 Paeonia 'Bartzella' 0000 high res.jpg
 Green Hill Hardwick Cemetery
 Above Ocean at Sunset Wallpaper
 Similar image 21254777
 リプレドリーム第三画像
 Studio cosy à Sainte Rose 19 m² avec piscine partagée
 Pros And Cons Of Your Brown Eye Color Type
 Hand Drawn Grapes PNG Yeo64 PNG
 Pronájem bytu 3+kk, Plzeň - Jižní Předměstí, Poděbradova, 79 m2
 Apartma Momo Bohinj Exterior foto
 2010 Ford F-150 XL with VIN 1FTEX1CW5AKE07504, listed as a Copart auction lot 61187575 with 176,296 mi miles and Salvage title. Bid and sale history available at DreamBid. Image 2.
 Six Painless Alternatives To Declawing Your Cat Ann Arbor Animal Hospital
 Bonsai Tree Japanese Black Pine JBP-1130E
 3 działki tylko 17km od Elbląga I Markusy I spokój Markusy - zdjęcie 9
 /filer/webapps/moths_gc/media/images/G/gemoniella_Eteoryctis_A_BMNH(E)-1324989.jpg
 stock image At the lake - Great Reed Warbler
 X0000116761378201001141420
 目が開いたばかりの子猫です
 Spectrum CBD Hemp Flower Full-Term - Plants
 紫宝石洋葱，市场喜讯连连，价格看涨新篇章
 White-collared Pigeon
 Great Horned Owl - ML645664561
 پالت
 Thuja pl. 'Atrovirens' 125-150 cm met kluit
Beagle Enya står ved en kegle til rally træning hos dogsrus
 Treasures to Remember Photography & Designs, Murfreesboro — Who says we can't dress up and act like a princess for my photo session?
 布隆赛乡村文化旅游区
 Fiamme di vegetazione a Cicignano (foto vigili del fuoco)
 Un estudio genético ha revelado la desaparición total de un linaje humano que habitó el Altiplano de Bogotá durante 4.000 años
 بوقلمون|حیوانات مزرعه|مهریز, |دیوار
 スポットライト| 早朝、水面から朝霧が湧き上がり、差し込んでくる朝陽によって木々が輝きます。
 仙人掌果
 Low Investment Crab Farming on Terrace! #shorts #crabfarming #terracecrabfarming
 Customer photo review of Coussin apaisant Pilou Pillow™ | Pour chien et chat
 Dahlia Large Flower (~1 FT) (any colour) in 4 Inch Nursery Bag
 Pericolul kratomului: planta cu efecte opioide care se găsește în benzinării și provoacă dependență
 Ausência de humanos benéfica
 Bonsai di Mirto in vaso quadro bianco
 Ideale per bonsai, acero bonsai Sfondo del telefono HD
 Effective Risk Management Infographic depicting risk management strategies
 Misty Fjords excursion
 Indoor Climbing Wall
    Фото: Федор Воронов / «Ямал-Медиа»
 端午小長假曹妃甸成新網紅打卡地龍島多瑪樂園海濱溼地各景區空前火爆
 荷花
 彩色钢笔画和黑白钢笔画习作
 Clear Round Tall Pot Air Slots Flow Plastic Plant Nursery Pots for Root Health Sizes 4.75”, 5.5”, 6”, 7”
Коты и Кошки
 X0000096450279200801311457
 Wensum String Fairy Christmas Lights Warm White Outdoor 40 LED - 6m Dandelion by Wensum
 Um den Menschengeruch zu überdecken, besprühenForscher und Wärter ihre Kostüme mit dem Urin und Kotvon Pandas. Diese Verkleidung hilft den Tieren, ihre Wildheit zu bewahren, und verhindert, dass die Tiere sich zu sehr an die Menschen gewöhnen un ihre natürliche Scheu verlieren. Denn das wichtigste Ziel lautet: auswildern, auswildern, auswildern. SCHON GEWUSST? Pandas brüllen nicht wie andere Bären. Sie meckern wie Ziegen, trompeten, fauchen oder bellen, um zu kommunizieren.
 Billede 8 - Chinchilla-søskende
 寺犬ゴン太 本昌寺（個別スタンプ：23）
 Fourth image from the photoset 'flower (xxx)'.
::::::::
Every line containing the word "Your" should be copied from the material.

● **Answer space**:
 Pros And Cons Of Your Brown Eye Color Type
 Six Painless Alternatives To Declawing Your Cat Ann Arbor Animal Hospital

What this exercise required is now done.